§ **Exercise prompt**: Produce a verbatim transcription of the entries, with all pictures omitted.
··· Input data
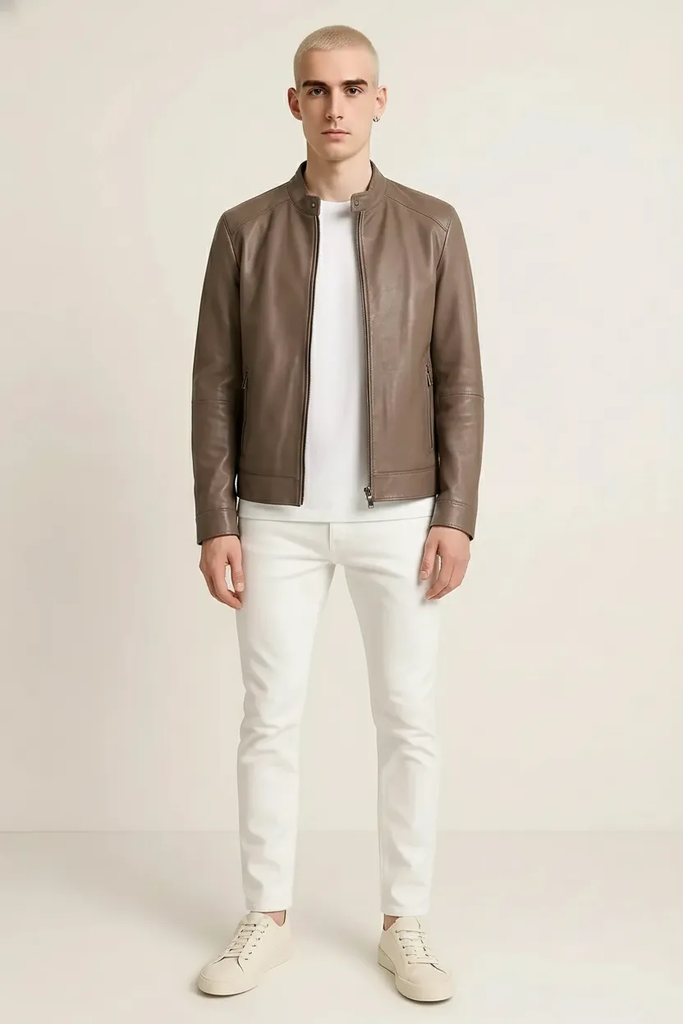 Jacke  Lammnappa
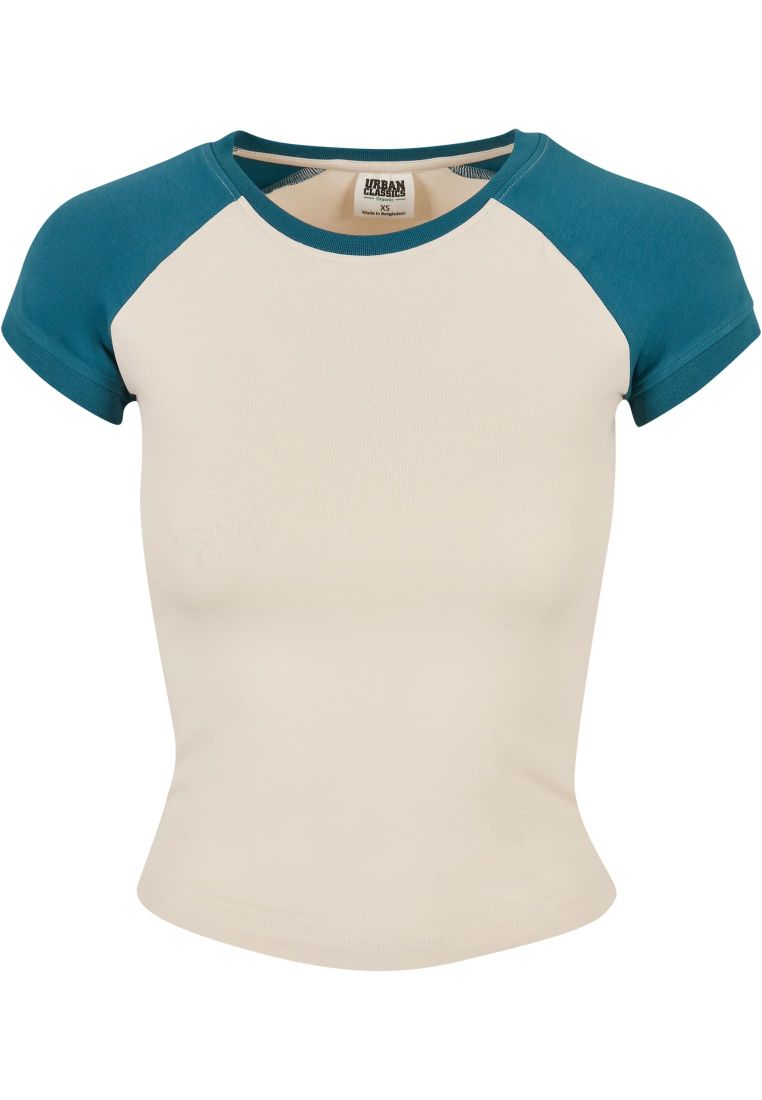 Ladies Organic Stretch Short Retro Baseb - Ladies T-Shirts and Tops - TTUTB5075 - 309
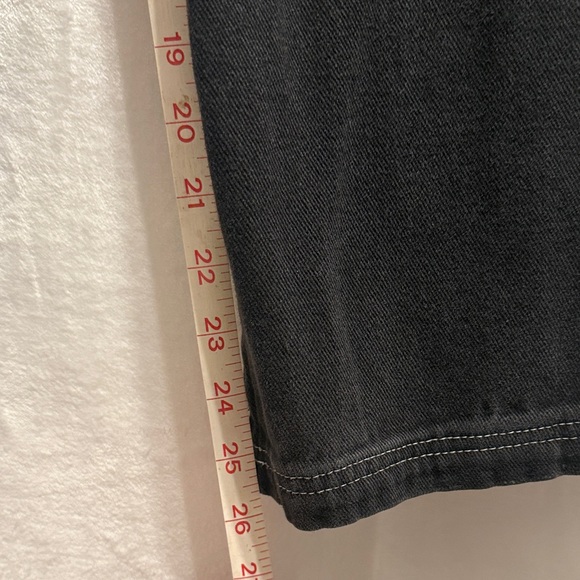 Full Tilt Black Flare Jeans - Picture 5 of 6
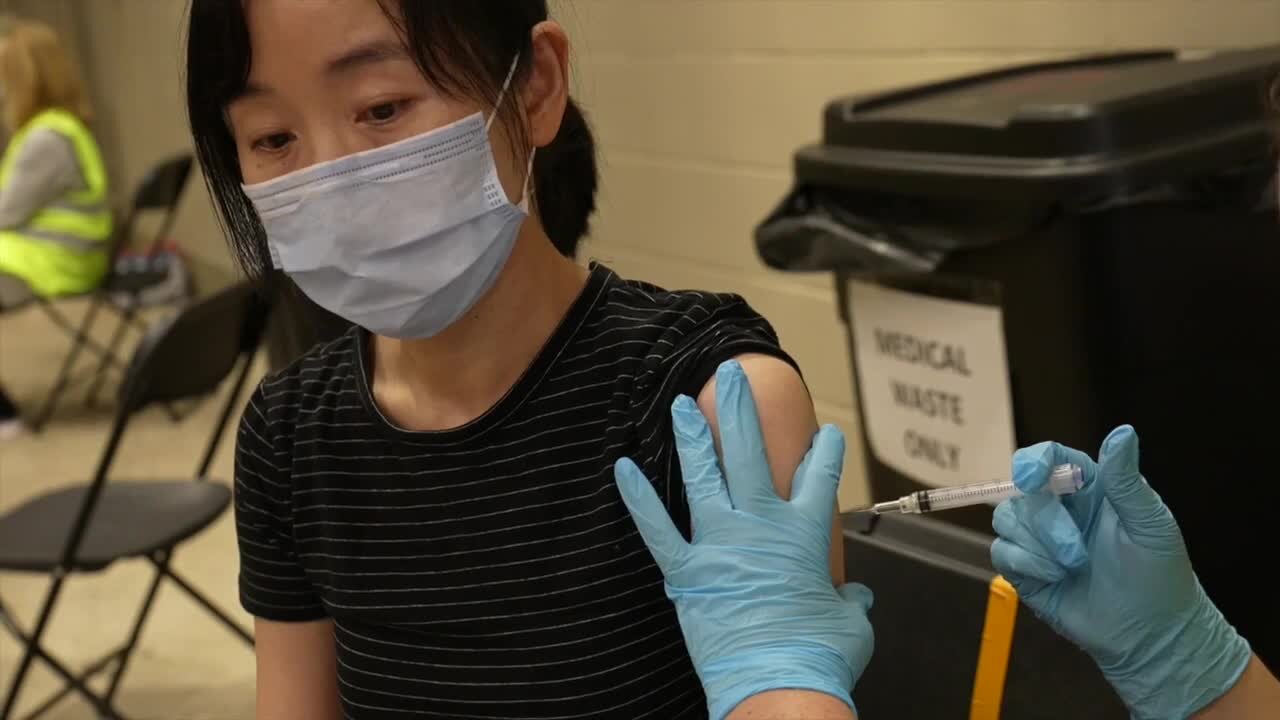 MSU opens student-only vaccine clinic ready to vaccinate 600 Spartans per day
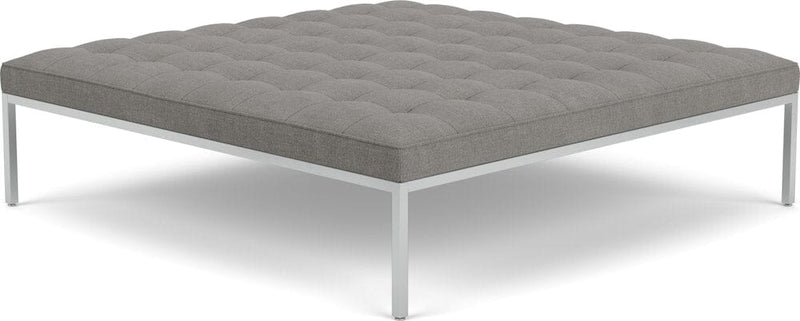 Florence Knoll Relaxed Medium Square Bench Benches Knoll 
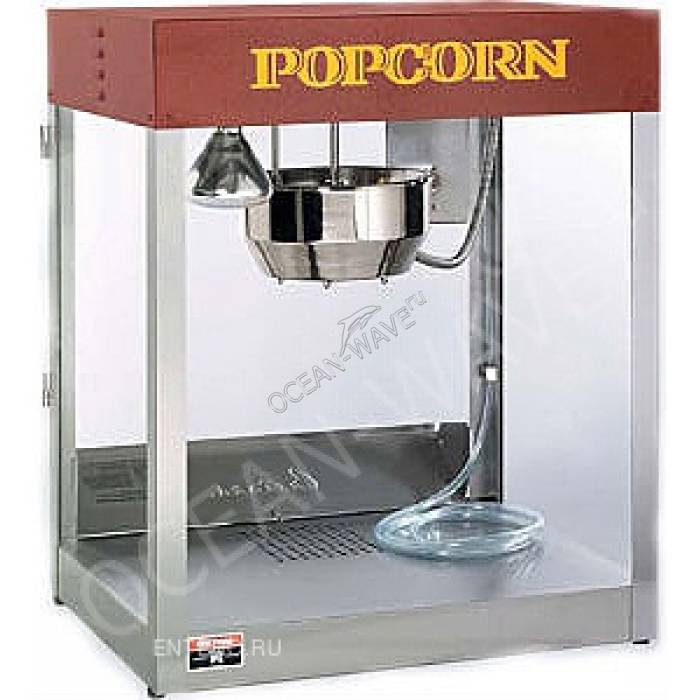 Аппарат для попкорна Cretors Profiteer 14oz сахар - купить в интернет-магазине OCEAN-WAVE.ru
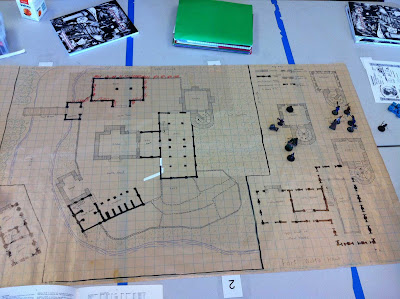 The layout of the settlement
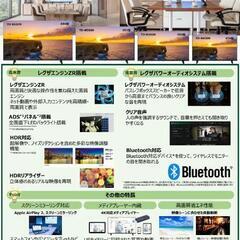 東芝レグザ43インチ液晶モニター新品未開封の画像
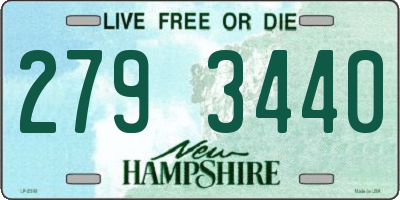 NH license plate 2793440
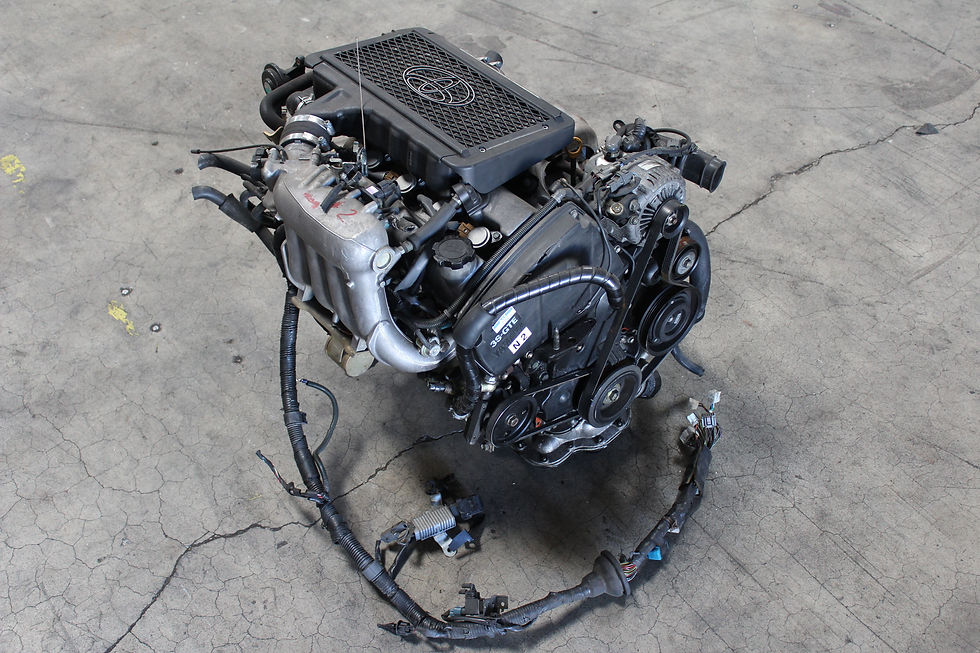 Thumbnail: JDM 1997-2001 TOYOTA CALDINA MR2 3SGTE 4TH GEN ST215 2.0L TURBO ENGINE + WIRING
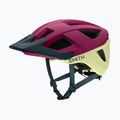 Casco da ciclismo Smith Session MIPS matte huckleberry/lichen/ pacific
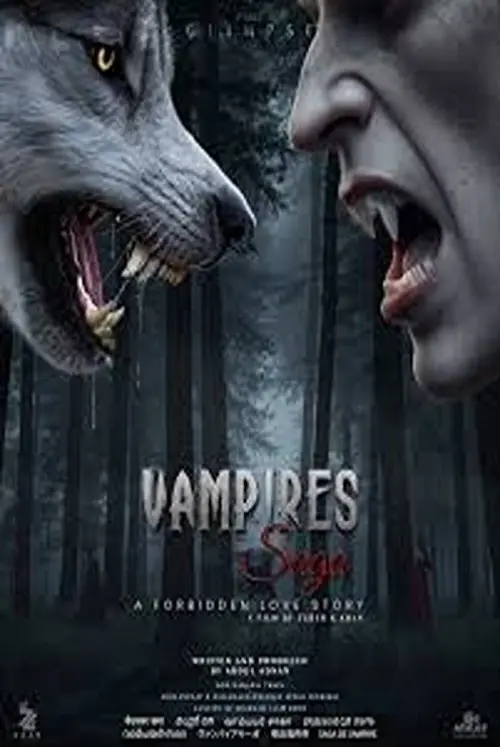 Movie poster "Vampires Saga"
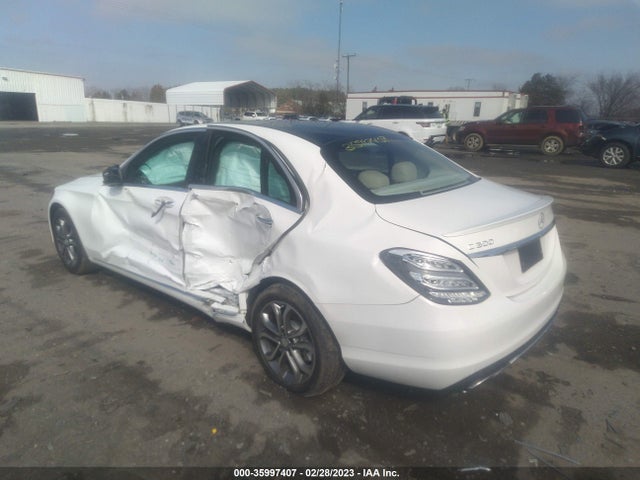 2016 MERCEDES-BENZ C-CLASS C 300 VIN: 55SWF4KB7GU159610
······
§ **Answer to this exercise**:
 Jacke  Lammnappa
 Ladies Organic Stretch Short Retro Baseb - Ladies T-Shirts and Tops - TTUTB5075 - 309
 Full Tilt Black Flare Jeans - Picture 5 of 6
 MSU opens student-only vaccine clinic ready to vaccinate 600 Spartans per day
 Florence Knoll Relaxed Medium Square Bench Benches Knoll 
 Аппарат для попкорна Cretors Profiteer 14oz сахар - купить в интернет-магазине OCEAN-WAVE.ru
 The layout of the settlement
 東芝レグザ43インチ液晶モニター新品未開封の画像
 NH license plate 2793440
 Thumbnail: JDM 1997-2001 TOYOTA CALDINA MR2 3SGTE 4TH GEN ST215 2.0L TURBO ENGINE + WIRING
 Casco da ciclismo Smith Session MIPS matte huckleberry/lichen/ pacific
 Movie poster "Vampires Saga"
 2016 MERCEDES-BENZ C-CLASS C 300 VIN: 55SWF4KB7GU159610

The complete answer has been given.